The problem for US chocolate makers is that they typically import raw cocoa from West Africa (Cote d’Ivoire, Ghana), Latin America, and Southeast Asia. These countries may be subject to general import tariffs unless exempted by special arrangements.
It’s a concern because tariffed cocoa imports would immediately raise input costs for chocolate manufacturers. Sugar from countries including Mexico and Canada may be targeted depending on trade agreements. Dairy imports (e.g., milk powder from the EU or New Zealand) could also face new tariffs.
While big players like Hershey can use their clout to 'use every lever at their disposal to get the tariffs changed', Gary Guittard, chief executive of Guittard Chocolate Co, said that after absorbing the impact of a 180% spike in cocoa prices last year, he was now contemplating adding another 10% to the company’s input costs.
The family-run San Franciso-based company was established in 1868. It employs approximately 240 people and is a pioneer in premium, sustainable chocolate and other cocoa products.

In a recent interview with the Los Angeles Times, Guittard said he is determining how much the company can absorb before passing the increase on to clients.
“We certainly can’t absorb it all. We’re a small family company, not a large multinational conglomerate,” he said.

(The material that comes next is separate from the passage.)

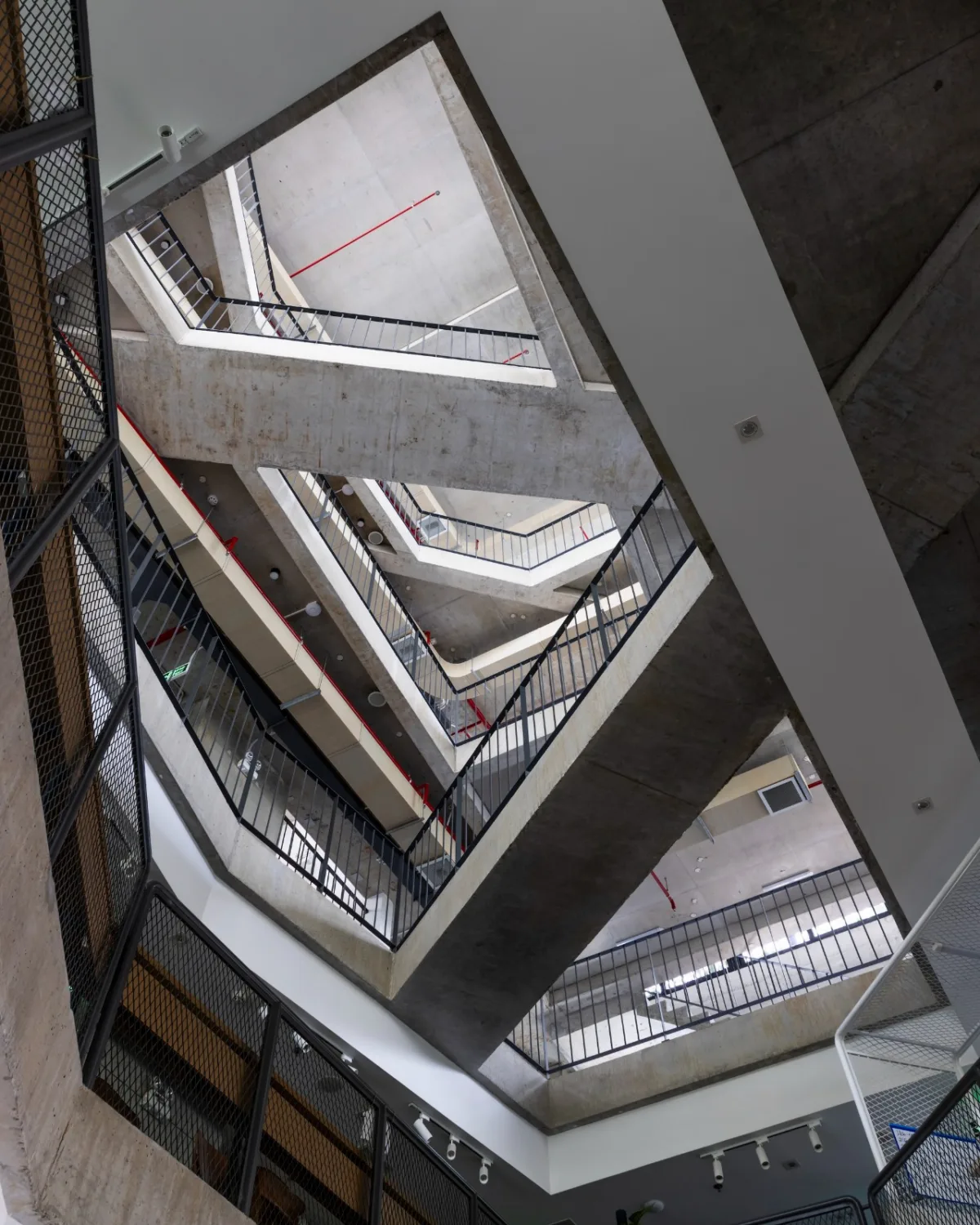 BIM建筑|AEC 4B 外语教育中心 / Ho Khue Architects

As CocoaRadar recently reported, higher tariffs were imposed on cocoa-producing nations from which Guittard and other manufacturers purchase their beans (see chart).

Complicated picture
Guittard told the LA Times that the picture becomes increasingly complicated when US manufacturers try to determine prices for a particular product that uses bean blends with different tariffs.
For instance, the company’s inventory currently includes pre-tariffed beans and is expecting tariffed shipments from South America.

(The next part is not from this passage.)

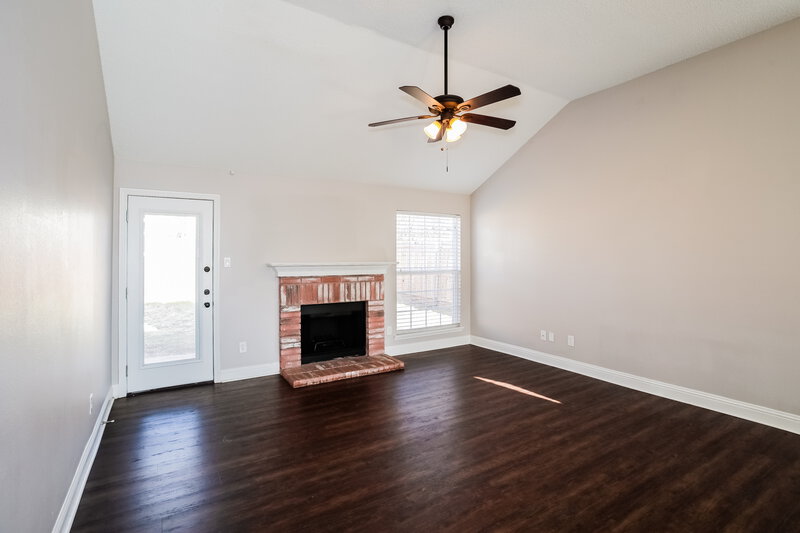 2,145/Mo, 4609 Birchbend Ln Fort Worth, TX 76137 Living Room View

“There’s 10 different ways to look at it. So we’re just trying to figure out the best way for us and our customers,” said Guittard.

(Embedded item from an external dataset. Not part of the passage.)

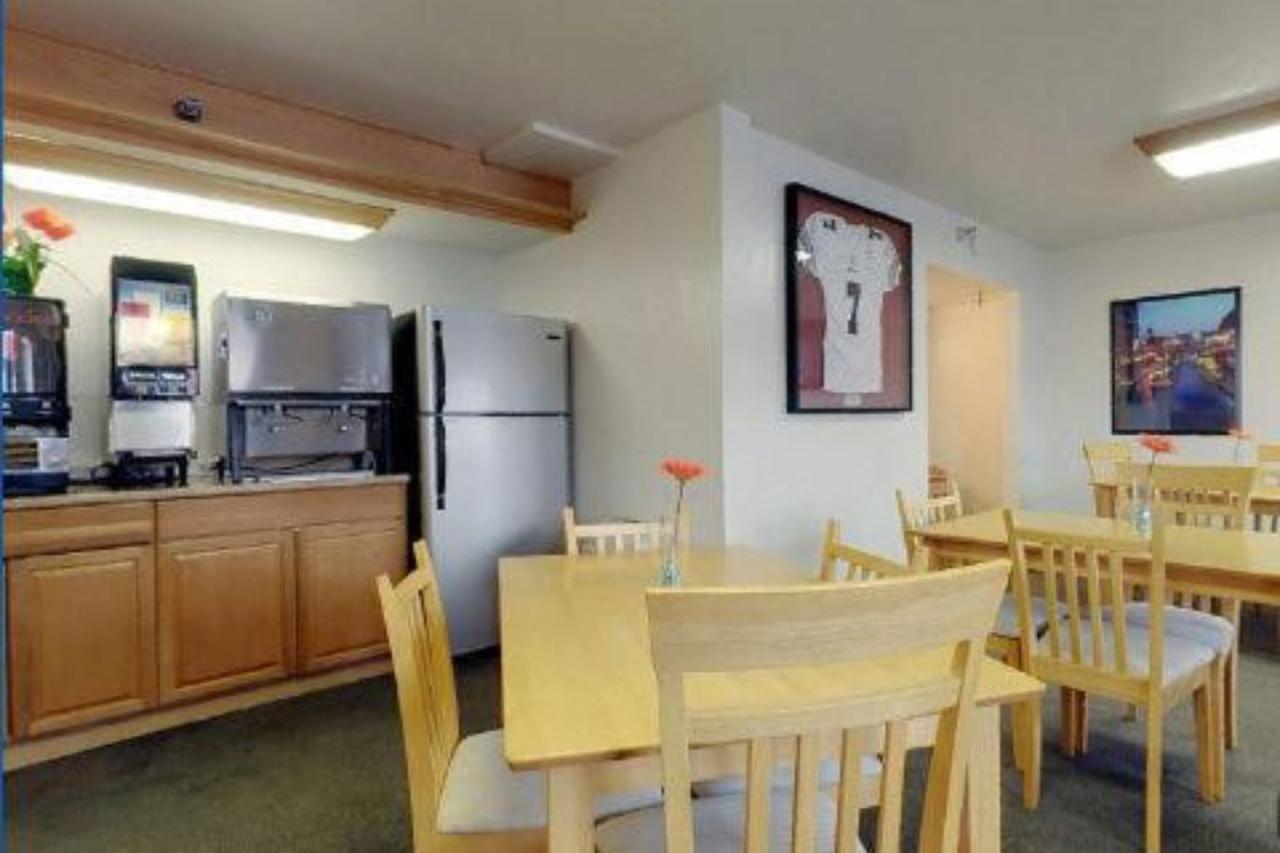 Americas Best Value Inn Oklahoma City South Eksteriør billede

As manufacturers absorb higher costs, price increases on retail chocolate and confectionery products are highly likely, particularly for premium brands and imported lines.
Even assuming private-label and mass-market brands may be less impacted initially, cost pressures will ripple through the supply chain.
To offset tariffs, US chocolate companies should explore sourcing from high-tariff nations to “friendly” countries or domestic suppliers to increase local cocoa processing (e.g., buying semi-processed cocoa liquor or butter from US-based facilities).
Companies should also accelerate investment in vertical integration to secure supply chains.
More economic turbulence
Generally, US businesses and consumers are bracing for continued economic turbulence as the administration’s trade policies evolve.
According to a report by Business Insider, economists warn that the tariffs, combined with proposed tax cuts, could exacerbate the US national debt, potentially leading to a debt-to-GDP ratio exceeding 180% within 30 years.
“Additionally, the average American household may see a reduction in purchasing power by approximately $2,800 in 2024 dollars.”